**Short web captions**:

####################

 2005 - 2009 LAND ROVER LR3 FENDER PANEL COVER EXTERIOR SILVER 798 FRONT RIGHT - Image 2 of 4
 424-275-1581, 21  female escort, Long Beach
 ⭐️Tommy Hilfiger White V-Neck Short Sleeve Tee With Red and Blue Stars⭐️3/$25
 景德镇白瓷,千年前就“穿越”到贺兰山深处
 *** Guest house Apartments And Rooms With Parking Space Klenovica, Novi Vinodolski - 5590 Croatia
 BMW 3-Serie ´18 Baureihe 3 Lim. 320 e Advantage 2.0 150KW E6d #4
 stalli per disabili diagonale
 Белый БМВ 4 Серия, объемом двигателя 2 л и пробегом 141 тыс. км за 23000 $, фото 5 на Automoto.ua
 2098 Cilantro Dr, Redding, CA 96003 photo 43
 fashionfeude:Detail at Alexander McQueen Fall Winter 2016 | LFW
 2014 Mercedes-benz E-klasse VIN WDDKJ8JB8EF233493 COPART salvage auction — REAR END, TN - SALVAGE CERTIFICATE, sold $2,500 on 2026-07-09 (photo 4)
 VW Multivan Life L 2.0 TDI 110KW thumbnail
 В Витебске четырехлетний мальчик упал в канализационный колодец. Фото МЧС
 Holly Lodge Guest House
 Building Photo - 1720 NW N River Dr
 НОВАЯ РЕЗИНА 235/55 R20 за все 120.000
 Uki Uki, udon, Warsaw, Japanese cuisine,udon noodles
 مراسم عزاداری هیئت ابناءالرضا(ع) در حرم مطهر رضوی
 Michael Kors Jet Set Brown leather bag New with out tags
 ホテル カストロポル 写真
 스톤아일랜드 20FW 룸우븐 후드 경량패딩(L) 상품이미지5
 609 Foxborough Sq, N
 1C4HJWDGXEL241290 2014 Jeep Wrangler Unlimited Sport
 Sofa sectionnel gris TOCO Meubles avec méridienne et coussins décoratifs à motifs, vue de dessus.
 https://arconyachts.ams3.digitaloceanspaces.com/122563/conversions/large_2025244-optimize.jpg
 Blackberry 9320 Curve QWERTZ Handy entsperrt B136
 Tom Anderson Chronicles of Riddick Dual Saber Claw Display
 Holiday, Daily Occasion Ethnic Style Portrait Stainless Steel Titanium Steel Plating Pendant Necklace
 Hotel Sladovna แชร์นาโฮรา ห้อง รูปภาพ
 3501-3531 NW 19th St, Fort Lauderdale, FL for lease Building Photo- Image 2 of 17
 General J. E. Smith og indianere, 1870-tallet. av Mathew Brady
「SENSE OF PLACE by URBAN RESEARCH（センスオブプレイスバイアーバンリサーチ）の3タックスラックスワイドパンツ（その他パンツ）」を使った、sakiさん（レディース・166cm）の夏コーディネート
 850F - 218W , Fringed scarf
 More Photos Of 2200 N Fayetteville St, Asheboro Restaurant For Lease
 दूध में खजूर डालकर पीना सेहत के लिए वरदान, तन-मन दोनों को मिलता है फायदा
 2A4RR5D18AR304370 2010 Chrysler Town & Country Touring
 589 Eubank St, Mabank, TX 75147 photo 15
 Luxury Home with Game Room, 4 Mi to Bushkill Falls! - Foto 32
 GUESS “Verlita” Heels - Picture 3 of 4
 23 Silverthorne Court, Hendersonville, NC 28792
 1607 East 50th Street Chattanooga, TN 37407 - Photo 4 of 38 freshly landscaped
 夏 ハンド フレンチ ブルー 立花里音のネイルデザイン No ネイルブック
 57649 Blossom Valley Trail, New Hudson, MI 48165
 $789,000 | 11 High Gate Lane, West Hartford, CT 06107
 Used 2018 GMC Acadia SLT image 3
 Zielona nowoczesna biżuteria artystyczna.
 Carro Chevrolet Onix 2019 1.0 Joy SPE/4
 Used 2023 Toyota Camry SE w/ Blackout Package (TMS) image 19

####################

**WORK REQUIRED**:
Retype the data precisely.

**ANSWER SECTION**:
 2005 - 2009 LAND ROVER LR3 FENDER PANEL COVER EXTERIOR SILVER 798 FRONT RIGHT - Image 2 of 4
 424-275-1581, 21  female escort, Long Beach
 ⭐️Tommy Hilfiger White V-Neck Short Sleeve Tee With Red and Blue Stars⭐️3/$25
 景德镇白瓷,千年前就“穿越”到贺兰山深处
 *** Guest house Apartments And Rooms With Parking Space Klenovica, Novi Vinodolski - 5590 Croatia
 BMW 3-Serie ´18 Baureihe 3 Lim. 320 e Advantage 2.0 150KW E6d #4
 stalli per disabili diagonale
 Белый БМВ 4 Серия, объемом двигателя 2 л и пробегом 141 тыс. км за 23000 $, фото 5 на Automoto.ua
 2098 Cilantro Dr, Redding, CA 96003 photo 43
 fashionfeude:Detail at Alexander McQueen Fall Winter 2016 | LFW
 2014 Mercedes-benz E-klasse VIN WDDKJ8JB8EF233493 COPART salvage auction — REAR END, TN - SALVAGE CERTIFICATE, sold $2,500 on 2026-07-09 (photo 4)
 VW Multivan Life L 2.0 TDI 110KW thumbnail
 В Витебске четырехлетний мальчик упал в канализационный колодец. Фото МЧС
 Holly Lodge Guest House
 Building Photo - 1720 NW N River Dr
 НОВАЯ РЕЗИНА 235/55 R20 за все 120.000
 Uki Uki, udon, Warsaw, Japanese cuisine,udon noodles
 مراسم عزاداری هیئت ابناءالرضا(ع) در حرم مطهر رضوی
 Michael Kors Jet Set Brown leather bag New with out tags
 ホテル カストロポル 写真
 스톤아일랜드 20FW 룸우븐 후드 경량패딩(L) 상품이미지5
 609 Foxborough Sq, N
 1C4HJWDGXEL241290 2014 Jeep Wrangler Unlimited Sport
 Sofa sectionnel gris TOCO Meubles avec méridienne et coussins décoratifs à motifs, vue de dessus.
 https://arconyachts.ams3.digitaloceanspaces.com/122563/conversions/large_2025244-optimize.jpg
 Blackberry 9320 Curve QWERTZ Handy entsperrt B136
 Tom Anderson Chronicles of Riddick Dual Saber Claw Display
 Holiday, Daily Occasion Ethnic Style Portrait Stainless Steel Titanium Steel Plating Pendant Necklace
 Hotel Sladovna แชร์นาโฮรา ห้อง รูปภาพ
 3501-3531 NW 19th St, Fort Lauderdale, FL for lease Building Photo- Image 2 of 17
 General J. E. Smith og indianere, 1870-tallet. av Mathew Brady
「SENSE OF PLACE by URBAN RESEARCH（センスオブプレイスバイアーバンリサーチ）の3タックスラックスワイドパンツ（その他パンツ）」を使った、sakiさん（レディース・166cm）の夏コーディネート
 850F - 218W , Fringed scarf
 More Photos Of 2200 N Fayetteville St, Asheboro Restaurant For Lease
 दूध में खजूर डालकर पीना सेहत के लिए वरदान, तन-मन दोनों को मिलता है फायदा
 2A4RR5D18AR304370 2010 Chrysler Town & Country Touring
 589 Eubank St, Mabank, TX 75147 photo 15
 Luxury Home with Game Room, 4 Mi to Bushkill Falls! - Foto 32
 GUESS “Verlita” Heels - Picture 3 of 4
 23 Silverthorne Court, Hendersonville, NC 28792
 1607 East 50th Street Chattanooga, TN 37407 - Photo 4 of 38 freshly landscaped
 夏 ハンド フレンチ ブルー 立花里音のネイルデザイン No ネイルブック
 57649 Blossom Valley Trail, New Hudson, MI 48165
 $789,000 | 11 High Gate Lane, West Hartford, CT 06107
 Used 2018 GMC Acadia SLT image 3
 Zielona nowoczesna biżuteria artystyczna.
 Carro Chevrolet Onix 2019 1.0 Joy SPE/4
 Used 2023 Toyota Camry SE w/ Blackout Package (TMS) image 19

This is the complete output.